*** SUPPLIED ENTRIES ***
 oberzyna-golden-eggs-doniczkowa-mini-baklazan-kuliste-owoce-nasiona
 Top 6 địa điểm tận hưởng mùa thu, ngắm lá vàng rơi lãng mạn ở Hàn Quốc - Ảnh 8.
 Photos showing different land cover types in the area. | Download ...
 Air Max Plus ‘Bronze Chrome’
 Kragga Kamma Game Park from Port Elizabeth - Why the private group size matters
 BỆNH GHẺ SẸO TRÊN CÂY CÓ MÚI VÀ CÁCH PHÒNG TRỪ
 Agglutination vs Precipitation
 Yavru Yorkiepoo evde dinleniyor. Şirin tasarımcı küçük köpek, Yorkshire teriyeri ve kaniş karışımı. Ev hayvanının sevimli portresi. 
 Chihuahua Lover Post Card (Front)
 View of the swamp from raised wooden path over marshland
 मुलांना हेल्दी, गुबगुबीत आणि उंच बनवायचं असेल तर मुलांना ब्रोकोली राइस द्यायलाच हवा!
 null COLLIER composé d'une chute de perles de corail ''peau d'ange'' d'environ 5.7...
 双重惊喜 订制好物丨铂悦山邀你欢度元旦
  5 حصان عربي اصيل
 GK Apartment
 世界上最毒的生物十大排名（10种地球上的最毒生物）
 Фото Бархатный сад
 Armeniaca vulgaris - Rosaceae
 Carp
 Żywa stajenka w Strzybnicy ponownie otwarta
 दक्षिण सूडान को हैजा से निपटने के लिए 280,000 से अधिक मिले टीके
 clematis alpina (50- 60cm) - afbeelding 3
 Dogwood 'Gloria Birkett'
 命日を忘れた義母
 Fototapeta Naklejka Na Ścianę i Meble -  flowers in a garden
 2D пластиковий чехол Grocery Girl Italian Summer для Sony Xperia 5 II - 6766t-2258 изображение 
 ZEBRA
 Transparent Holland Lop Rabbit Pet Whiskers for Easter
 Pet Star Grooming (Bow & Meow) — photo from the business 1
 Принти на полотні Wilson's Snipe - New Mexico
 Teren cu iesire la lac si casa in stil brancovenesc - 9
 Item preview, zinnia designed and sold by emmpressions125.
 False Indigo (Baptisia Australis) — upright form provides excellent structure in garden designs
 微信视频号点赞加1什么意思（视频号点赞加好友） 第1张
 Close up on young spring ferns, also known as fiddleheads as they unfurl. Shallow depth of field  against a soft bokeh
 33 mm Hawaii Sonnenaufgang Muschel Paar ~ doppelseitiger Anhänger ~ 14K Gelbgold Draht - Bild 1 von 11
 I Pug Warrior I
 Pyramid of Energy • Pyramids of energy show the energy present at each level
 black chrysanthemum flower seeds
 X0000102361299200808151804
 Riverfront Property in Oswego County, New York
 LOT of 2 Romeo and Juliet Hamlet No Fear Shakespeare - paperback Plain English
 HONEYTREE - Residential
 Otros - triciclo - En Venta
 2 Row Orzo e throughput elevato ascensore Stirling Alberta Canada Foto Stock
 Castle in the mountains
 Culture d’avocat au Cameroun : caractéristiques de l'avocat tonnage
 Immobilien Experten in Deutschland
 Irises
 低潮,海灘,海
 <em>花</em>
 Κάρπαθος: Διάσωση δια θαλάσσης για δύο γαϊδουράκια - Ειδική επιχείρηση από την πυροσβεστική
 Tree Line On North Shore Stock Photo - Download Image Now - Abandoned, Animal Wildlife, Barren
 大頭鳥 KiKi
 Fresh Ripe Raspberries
*** End of SUPPLIED ENTRIES ***
■ **INSTRUCTIONS FOR THE TASK**
Please report every line among the entries that includes "garden".

■ **ANSWER SECTION**
 Fototapeta Naklejka Na Ścianę i Meble -  flowers in a garden
 False Indigo (Baptisia Australis) — upright form provides excellent structure in garden designs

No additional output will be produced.